The next thing to do is to make a plan for your recovery. Think about your next steps and write them down, making specific action plans for what to do next and what to do after that. The more specific you are (ex. “work out three times a week for at least 30 minutes each” versus “get more exercise”), the more likely you are to stick with your goals. And make them doable, in small steps, to get started. The longest journey starts with the first step. If your action plan is made up of generic, vague goals, you’re not likely to begin. Make a list of what you want to accomplish and then break each item down into small, workable actions. Then start with the first one… you get the picture. Success on a small, first step will give you the energy to move on to the next one and each success will propel you forward.
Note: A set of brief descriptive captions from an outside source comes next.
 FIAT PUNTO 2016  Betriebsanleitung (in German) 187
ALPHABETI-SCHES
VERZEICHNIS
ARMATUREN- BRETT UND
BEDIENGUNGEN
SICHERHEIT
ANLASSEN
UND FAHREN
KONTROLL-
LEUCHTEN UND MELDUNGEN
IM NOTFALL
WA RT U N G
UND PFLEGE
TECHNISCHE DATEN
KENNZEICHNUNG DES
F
It helps if you have an accountability partner. Do you have a buddy willing to work out with you? Getting fit is a great way to avoid bad behaviors, so exercising more with a friend is a win-win where you get stronger both emotionally/socially and physically. Getting out of the house to work out or enjoy nature also puts you into fresh air and situations where you’re more likely to socialize, all of which can help you feel better. The better you feel, the more likely you are to continue these actions rather than wallowing alone at home.
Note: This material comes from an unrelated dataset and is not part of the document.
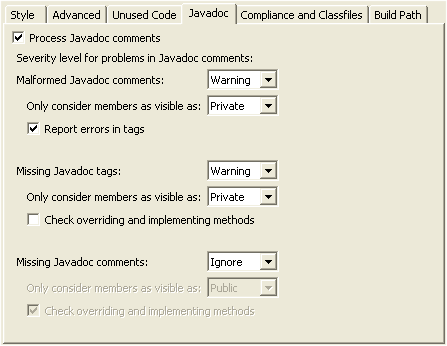 javadoc boolean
Getting out and being active creates a cycle of activity that improves your mood and your body, which again allows you to more easily move forward in your recovery. The better you feel emotionally and physically, the easier it is to resist temptations that come your way. And the more you socialize with people who support you, the easier it will be to recognize that you’re worthy of that support and of being well. If you can, travel someplace new. Going somewhere you’ve never been is an excellent way to literally look at your life in a new way. It’s a great perspective changer as you realize that you’re very much like everyone else and they seem to be okay. You can be too.
One thing you might consider is starting a pet sitting business. Science has proven that pets, and dogs in particular, can elevate your mood and help you develop healthy behaviors. Dogs need walking, so you get outside and exercise more. They need petting and stimulation so you pay attention to something other than yourself. And they draw others to you like magnets when you’re out with them. Pretty soon, you’re socializing and exercising and receiving unconditional love from them. What could be better? Whether you’re depressed, anxious, or just unhappy with where your life is, having a dog around can help you feel better.
The reality is that we all mess up. Some of us do it more spectacularly than others, but everyone does it. It’s part of life. When you’re on the road to recovery, the greatest thing that you can do for yourself is to keep walking. Your path is your own, and it will take you wonderful places if you let it. Keep going.